Data entries
§ §

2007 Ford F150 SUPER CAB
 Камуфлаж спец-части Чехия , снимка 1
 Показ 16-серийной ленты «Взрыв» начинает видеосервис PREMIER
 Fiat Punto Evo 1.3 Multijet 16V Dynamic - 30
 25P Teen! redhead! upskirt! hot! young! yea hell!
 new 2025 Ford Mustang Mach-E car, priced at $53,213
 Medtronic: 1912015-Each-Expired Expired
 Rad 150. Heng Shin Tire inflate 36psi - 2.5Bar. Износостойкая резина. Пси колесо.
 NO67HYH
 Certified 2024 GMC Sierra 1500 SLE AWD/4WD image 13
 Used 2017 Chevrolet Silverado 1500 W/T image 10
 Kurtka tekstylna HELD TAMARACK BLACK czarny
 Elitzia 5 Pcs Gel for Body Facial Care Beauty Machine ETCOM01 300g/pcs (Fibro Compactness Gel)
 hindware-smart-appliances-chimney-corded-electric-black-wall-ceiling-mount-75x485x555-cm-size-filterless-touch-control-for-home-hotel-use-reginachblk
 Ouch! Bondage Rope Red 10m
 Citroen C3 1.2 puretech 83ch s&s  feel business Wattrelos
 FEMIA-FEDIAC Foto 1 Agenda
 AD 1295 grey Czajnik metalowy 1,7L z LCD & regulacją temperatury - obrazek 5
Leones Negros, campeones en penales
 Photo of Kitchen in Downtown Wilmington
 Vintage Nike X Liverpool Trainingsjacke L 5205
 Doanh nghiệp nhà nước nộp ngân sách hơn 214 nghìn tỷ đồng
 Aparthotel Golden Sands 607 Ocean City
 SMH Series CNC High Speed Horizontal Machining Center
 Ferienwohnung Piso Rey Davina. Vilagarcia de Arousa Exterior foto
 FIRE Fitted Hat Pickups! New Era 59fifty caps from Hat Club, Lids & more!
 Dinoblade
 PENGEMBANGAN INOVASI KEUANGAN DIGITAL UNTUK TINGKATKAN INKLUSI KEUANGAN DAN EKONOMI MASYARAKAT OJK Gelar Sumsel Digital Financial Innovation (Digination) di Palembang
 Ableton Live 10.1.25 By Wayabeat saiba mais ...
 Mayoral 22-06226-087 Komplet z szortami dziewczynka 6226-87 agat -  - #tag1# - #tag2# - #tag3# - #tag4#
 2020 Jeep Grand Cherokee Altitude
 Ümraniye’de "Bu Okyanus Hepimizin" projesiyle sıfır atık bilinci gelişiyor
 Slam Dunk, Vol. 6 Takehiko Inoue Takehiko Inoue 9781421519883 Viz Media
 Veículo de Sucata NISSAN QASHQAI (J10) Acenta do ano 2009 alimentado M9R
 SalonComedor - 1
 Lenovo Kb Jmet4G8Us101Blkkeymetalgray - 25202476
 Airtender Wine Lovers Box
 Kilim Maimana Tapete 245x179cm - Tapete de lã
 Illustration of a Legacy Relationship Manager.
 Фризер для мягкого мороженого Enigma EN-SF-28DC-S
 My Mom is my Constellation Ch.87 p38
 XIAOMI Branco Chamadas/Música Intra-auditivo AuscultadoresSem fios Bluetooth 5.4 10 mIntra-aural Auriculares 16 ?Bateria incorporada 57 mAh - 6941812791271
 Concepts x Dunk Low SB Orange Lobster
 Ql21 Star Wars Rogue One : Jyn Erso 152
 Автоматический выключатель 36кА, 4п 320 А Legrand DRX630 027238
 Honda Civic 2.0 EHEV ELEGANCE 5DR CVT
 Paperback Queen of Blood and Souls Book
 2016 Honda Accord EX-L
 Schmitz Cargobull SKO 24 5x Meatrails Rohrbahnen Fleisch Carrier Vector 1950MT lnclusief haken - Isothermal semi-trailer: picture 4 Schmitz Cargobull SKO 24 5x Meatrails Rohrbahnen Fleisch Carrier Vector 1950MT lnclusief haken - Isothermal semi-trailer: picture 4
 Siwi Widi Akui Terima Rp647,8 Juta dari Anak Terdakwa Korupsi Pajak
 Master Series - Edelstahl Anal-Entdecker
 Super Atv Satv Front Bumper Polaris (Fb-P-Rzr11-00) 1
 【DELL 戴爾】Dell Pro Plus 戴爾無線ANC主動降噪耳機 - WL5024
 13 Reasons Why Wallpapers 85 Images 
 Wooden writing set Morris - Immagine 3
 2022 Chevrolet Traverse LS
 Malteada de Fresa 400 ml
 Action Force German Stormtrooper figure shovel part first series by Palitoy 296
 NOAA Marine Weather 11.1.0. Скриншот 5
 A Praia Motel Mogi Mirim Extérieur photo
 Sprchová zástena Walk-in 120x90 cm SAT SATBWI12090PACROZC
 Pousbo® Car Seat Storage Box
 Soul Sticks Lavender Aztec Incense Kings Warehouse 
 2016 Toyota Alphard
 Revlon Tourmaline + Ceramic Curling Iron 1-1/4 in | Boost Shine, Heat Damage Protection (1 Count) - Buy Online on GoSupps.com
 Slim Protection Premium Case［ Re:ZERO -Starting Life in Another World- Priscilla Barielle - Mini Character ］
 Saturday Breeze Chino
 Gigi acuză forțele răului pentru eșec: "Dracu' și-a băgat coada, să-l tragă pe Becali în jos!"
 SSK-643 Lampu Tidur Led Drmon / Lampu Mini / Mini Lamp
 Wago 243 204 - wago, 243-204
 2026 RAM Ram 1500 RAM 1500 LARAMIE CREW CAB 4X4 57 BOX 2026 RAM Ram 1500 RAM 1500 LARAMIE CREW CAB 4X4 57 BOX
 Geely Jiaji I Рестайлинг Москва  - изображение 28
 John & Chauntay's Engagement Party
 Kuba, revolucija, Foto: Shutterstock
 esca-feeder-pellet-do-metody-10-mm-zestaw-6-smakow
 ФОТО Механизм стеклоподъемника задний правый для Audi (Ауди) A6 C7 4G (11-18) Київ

§ §

» **Task item**:
Lines from the one with "57 BOX 2026" through the end of the data: set these down exactly, including both ends and nothing more.

» **Exercise solution**:
 2026 RAM Ram 1500 RAM 1500 LARAMIE CREW CAB 4X4 57 BOX 2026 RAM Ram 1500 RAM 1500 LARAMIE CREW CAB 4X4 57 BOX
 Geely Jiaji I Рестайлинг Москва  - изображение 28
 John & Chauntay's Engagement Party
 Kuba, revolucija, Foto: Shutterstock
 esca-feeder-pellet-do-metody-10-mm-zestaw-6-smakow
 ФОТО Механизм стеклоподъемника задний правый для Audi (Ауди) A6 C7 4G (11-18) Київ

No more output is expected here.